**DESCRIPTION OF THE TASK:**
Everything from the line that holds "The full Cabrera" through the end of the listing below must be retyped word for word, without any pictures.

**INFORMATION PROVIDED:**
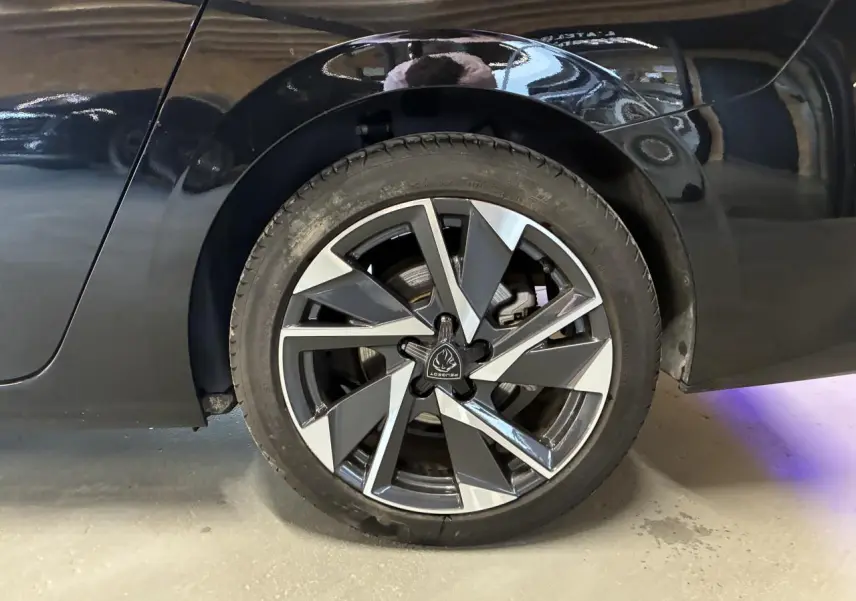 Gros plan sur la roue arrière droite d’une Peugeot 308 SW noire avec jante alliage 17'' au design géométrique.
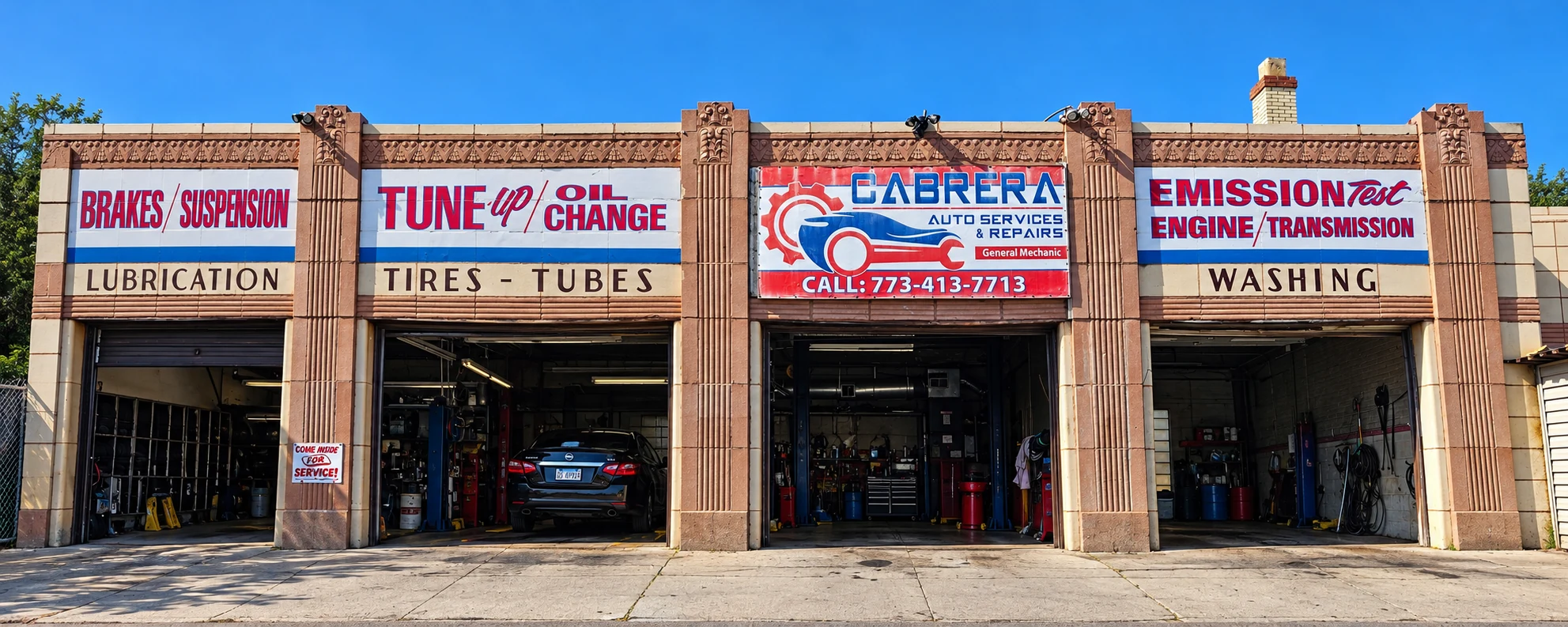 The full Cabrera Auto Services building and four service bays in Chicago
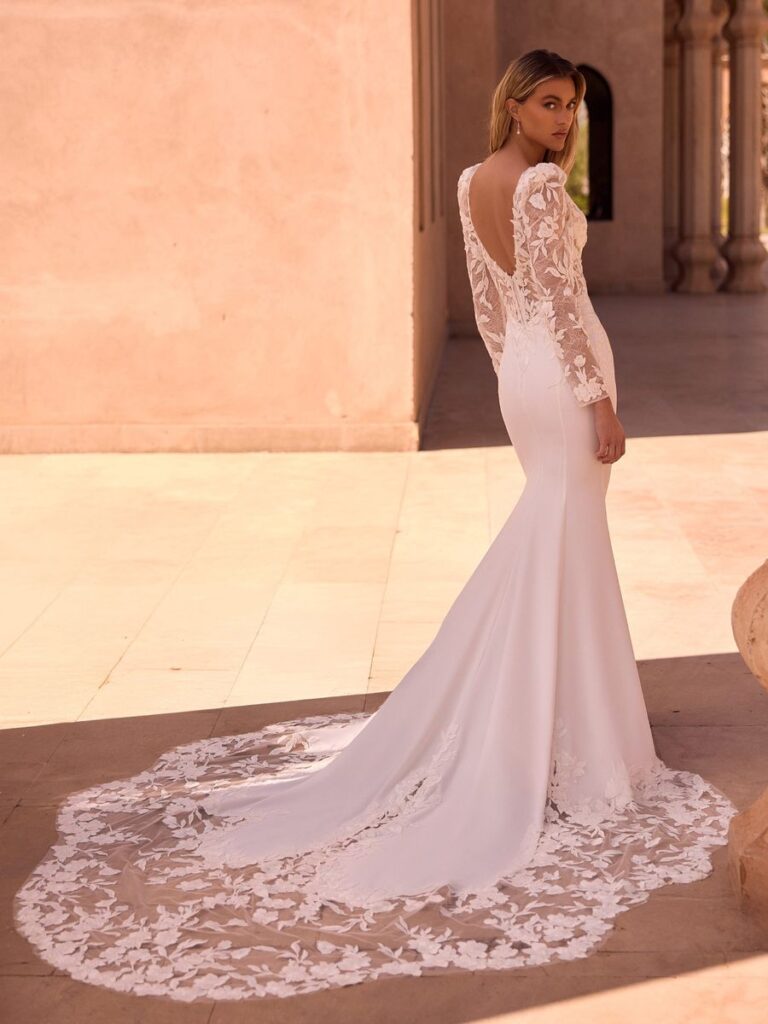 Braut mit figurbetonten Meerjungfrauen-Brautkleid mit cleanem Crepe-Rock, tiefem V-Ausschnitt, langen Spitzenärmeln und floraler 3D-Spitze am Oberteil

**SOLUTION FOR THIS PROBLEM:**
 The full Cabrera Auto Services building and four service bays in Chicago
 Braut mit figurbetonten Meerjungfrauen-Brautkleid mit cleanem Crepe-Rock, tiefem V-Ausschnitt, langen Spitzenärmeln und floraler 3D-Spitze am Oberteil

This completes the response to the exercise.